The presidential candidates make some form of choice a main innovation in their education platforms. George Bush favors vouchers that can be used in private schools; Bill Clinton advocates public-school choice within states; Ross Perot wants to give parents choice within public-school districts.

Now comes a Carnegie Foundation report stating that claims for choice are overblown, "a myth," and that for leaders to emphasize choice as a panacea for all education's ills is a strategic mistake. In a year-long look around America, Carnegie found that the rhetoric of "choice" was being used to sell a wide range of reform ideas, some not so good. It found the track record of choice is mixed: In Brockton, Mass., choice has actually widened inequities between rich and poor schools.

The Carnegie people want to move the choice discussion in two new directions. First, they want choice to be one of a number of reform strategies, not the only one. Second, rather than parents having to look afar for school options, the focus of reform should be on improving existing schools by giving teachers more power inside schools - "school-based management."
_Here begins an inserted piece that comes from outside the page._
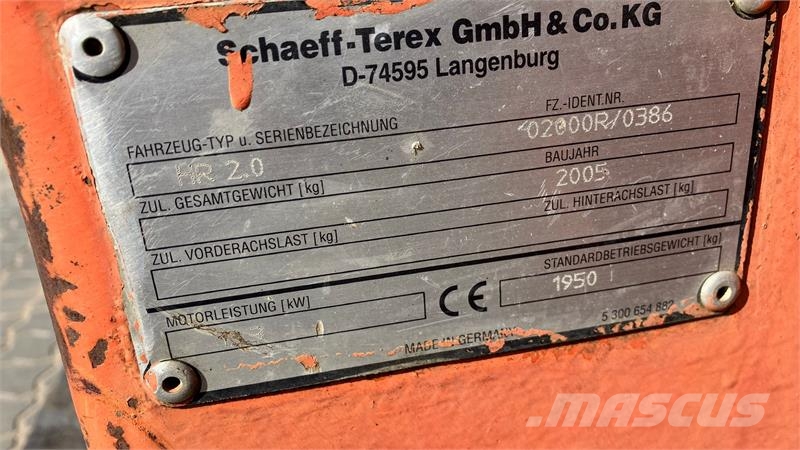 Schaeff HR 2.0 Scharff/Terex 2.0 Lánctalpas kotrók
The Carnegie effort to put choice in perspective is useful. Choice was co-opted by the very education establishment it sought to change. The problems of inner-city schools won't be solved by rhetoric and cheap concepts. Nor is it adequate to simply "let the marketplace decide" on a matter as important as schools; specific safeguards are needed.

Yet Carnegie ignores what might be called the "choice dynamic." It is exactly because local schools weren't improving that choice emerged. It created a crucial dynamic for change. The idea of school-based management advocated by Carnegie was legitimized in the choice climate. Choice has problems; but it has created bright models.